Its true that these damn Technology Crippling Measures can create new business models for distribution of copyrighted content and have a place in the market. However, the way these measures are created ignore completely the notion of Fair Use. It is not the content owner’s right to decide what constitute fair use. It is that of the law courts. Moreover, over and over again it is demonstrated that the content owner’s notion of fair use is flawed and tainted. To say that one cannot circumvent technology measure even if one can demonstrate fair use is the same as saying that content owner is allow to infringe on the general public’s “Fair Use” rights. Only one sentence for this: IT IS WRONG, and should be illegal. Until this is corrected, i.e., when the public rights to fair use is restored in these technology measure, any technologically-based method MUST be opposed and should not be allowed.

Preventing piracy is something every Intellectual Property owner have to do since day 1 of the first IP law. All the while, the definition of Intellectual Property is being defined and redefined to meet emerging challenges. The basic IP laws are surprisingly robust enough to deal with all situations. The basic spirits of IP laws had not changed. Rather, it is human greed that had lead to the skewing of IP laws to unfairly favour the owners of IP. The situation needs to be corrected. And that is what Congressman Boucher is proposing to do.
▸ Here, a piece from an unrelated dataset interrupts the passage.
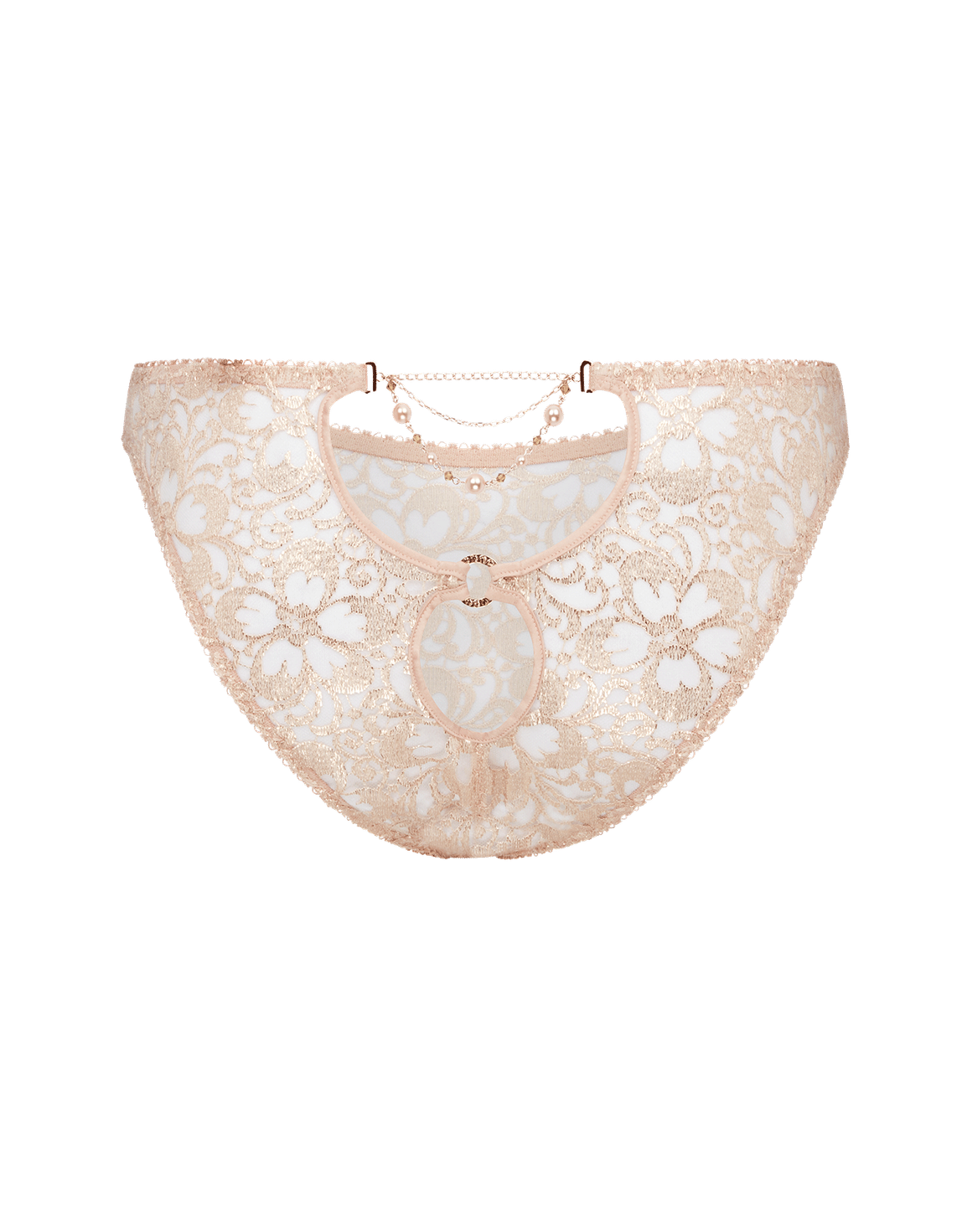 Tiarna Full Brief Blush | Agent Provocateur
Restricting public’s fair use right is a sure way to stifle innovation. Behaviours of big content providers had repeated demonstrated their willingness to stifle innovation and free speech. This include the attempts to use it to stifle Free Speech (Professor Ed Felten and SDMI case) and the imprisonment of a Russian Programmer when he went to the United States on something he did legally in Russia as a results of someone else decision to distribute his program illegally in the United States. Congressman Boucher correctly identified these as the weakness of existing laws and it is worth correcting. I will suggest to Congressman Bouncher to add a case where a company’s failed attempt to apply DMCA to garage door remote control as another case study.

Any technological measure to prevent law-breaking is good provided it also respects other peoples’ right as well. Otherwise, it is better not to have it at all, since it is supporting one evil over another.